**REQUIREMENT**
Each line in the material below must be transcribed exactly; no picture belongs in the copy.

>>>

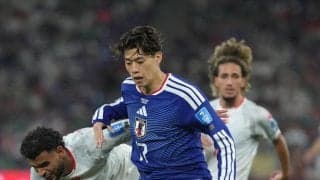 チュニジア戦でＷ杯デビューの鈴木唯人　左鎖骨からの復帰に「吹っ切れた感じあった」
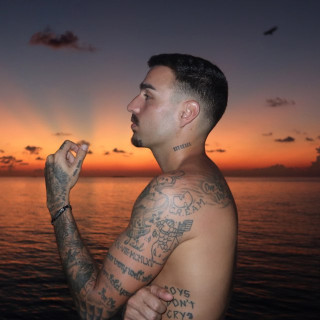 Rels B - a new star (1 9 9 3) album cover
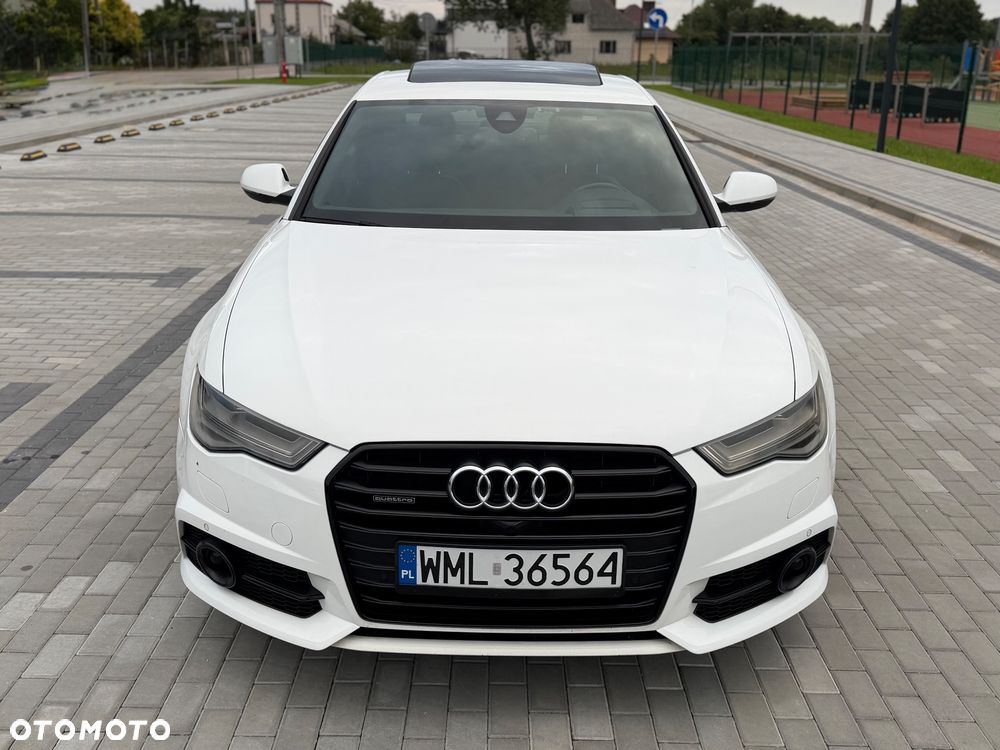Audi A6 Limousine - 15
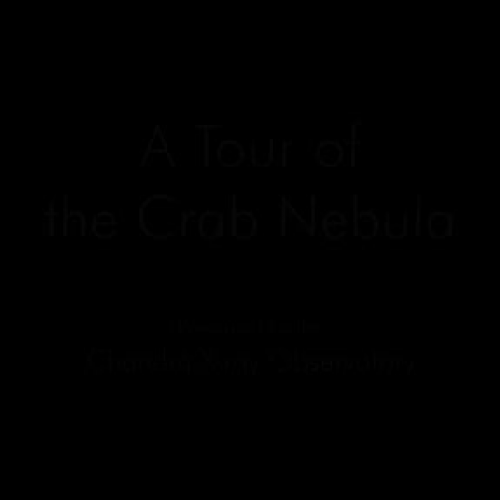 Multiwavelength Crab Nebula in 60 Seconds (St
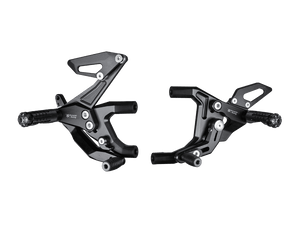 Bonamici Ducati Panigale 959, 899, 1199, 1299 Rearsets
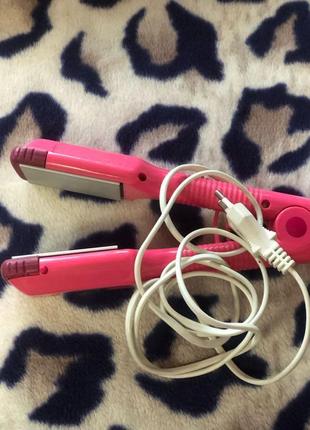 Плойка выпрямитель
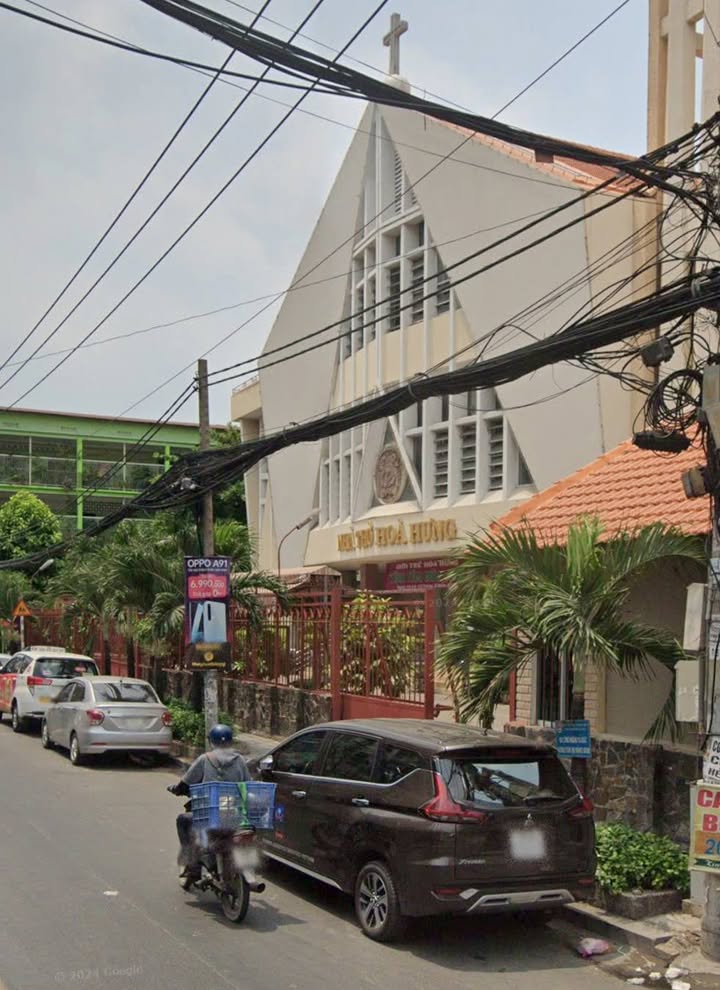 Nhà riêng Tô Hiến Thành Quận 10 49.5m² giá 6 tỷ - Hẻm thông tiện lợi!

<<<

**FINISHED EXERCISE**
 チュニジア戦でＷ杯デビューの鈴木唯人　左鎖骨からの復帰に「吹っ切れた感じあった」
 Rels B - a new star (1 9 9 3) album cover
Audi A6 Limousine - 15
 Multiwavelength Crab Nebula in 60 Seconds (St
 Bonamici Ducati Panigale 959, 899, 1199, 1299 Rearsets
 Плойка выпрямитель
 Nhà riêng Tô Hiến Thành Quận 10 49.5m² giá 6 tỷ - Hẻm thông tiện lợi!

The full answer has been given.